Git is a great distributed version control system. It’s fantastically for easily storing changed to text files wherever you are, and then easily copying them up to a server or servers or sharing them with your friends locally.

Avoid binary files

“Text files” is the key here. It easily lets you see textual changes. But this function is useless for binary data. Data about changes in binary files just makes the commits impossible to read.

There is another very good reason for keeping binary files out of your repository: They are usually much bigger. Images, videos and compiled binaries are all much bigger than text files. If you commit them to your repository, the size of your repository will become much larger.

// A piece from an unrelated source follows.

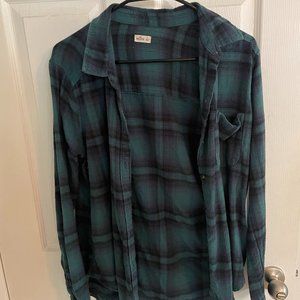 Hollister Flannel (Green/Blue) Size Large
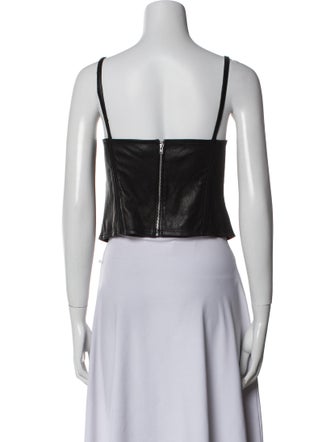 Fleur Du Mal Leather Square Neckline Crop Top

This matters not because storage is expensive - it’s not. It matter because the point of using a distributed VCS is that it makes it cheap and easy to clone and navigate. You want to be able to spin up a new machine and copy the repository as quickly as possible. You want to be able to switch branches as quickly as possible. If you commit any significant number of binary files you will see all of these tasks slow down considerably.

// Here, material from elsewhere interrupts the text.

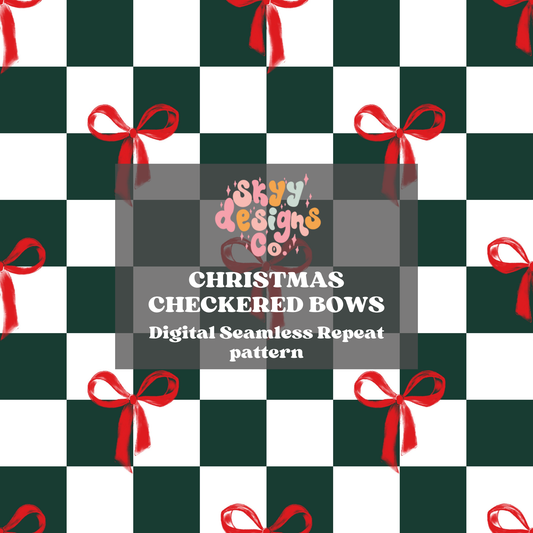 Christmas Checkered bows seamless pattern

It’s important to never commit binary files because once you’ve commit them they are in the repository history and are very annoying to remove. You can delete the files from the current version of the project - but they’ll remain in the repository history, meaning that the overall repository size will still be large.

How you can fix it

You can totally remove large files from the repository only by rewriting history. This is extremely dangerous because it will overwrite all commits since files were added, producing a completely different version of the revision history.

If you have shared your repository with anyone, or stored it anywhere else (like Github) you must make sure that all versions of these repositories get updated to your new version before anyone tries to add any new work on top. This can be a huge ball-ache.

However, if you understand the risks you can rewrite history using a fantastic script I found on David Underhill’s blog. It first uses git filter-branch to remove the files from the commits, and then deletes the relevant caches of the files.

Make sure you’ve committed all your work and have a backup copy of your up-to-date repository somewhere. Then do the following:

# Get hold of the script
$ wget -O- https://gist.github.com/nottrobin/5758221/raw/ff740b4ac3b8ab80d40e3598ec461400dce42b5d/git-prune | sudo tee -a /usr/bin/git-prune-files
$ sudo chmod +x /usr/bin/git-prune-files

# Change to your project directory
$ cd ~/projects/my-git-project

# Remove the relevant files
$ git-prune-files static/images

This might take a while and should give you an output something like this:

...
rm 'static/images/9419.jpg'
rm 'static/images/9420.jpg'
rm 'static/images/9421.jpg'
Rewrite 325bfc6a34e33a9d4ef4b19ec88b52dfdc3f1e74 (9421/9421)
Ref 'refs/heads/master' was rewritten
Counting objects: 22041, done.
Delta compression using up to 4 threads.
Compressing objects: 100% (21761/21761), done.
Writing objects: 100% (22041/22041), done.
Total 22041 (delta 15312), reused 5817 (delta 0)

Now make absolutely sure this version of the repository replaces all copies of your repository immediately.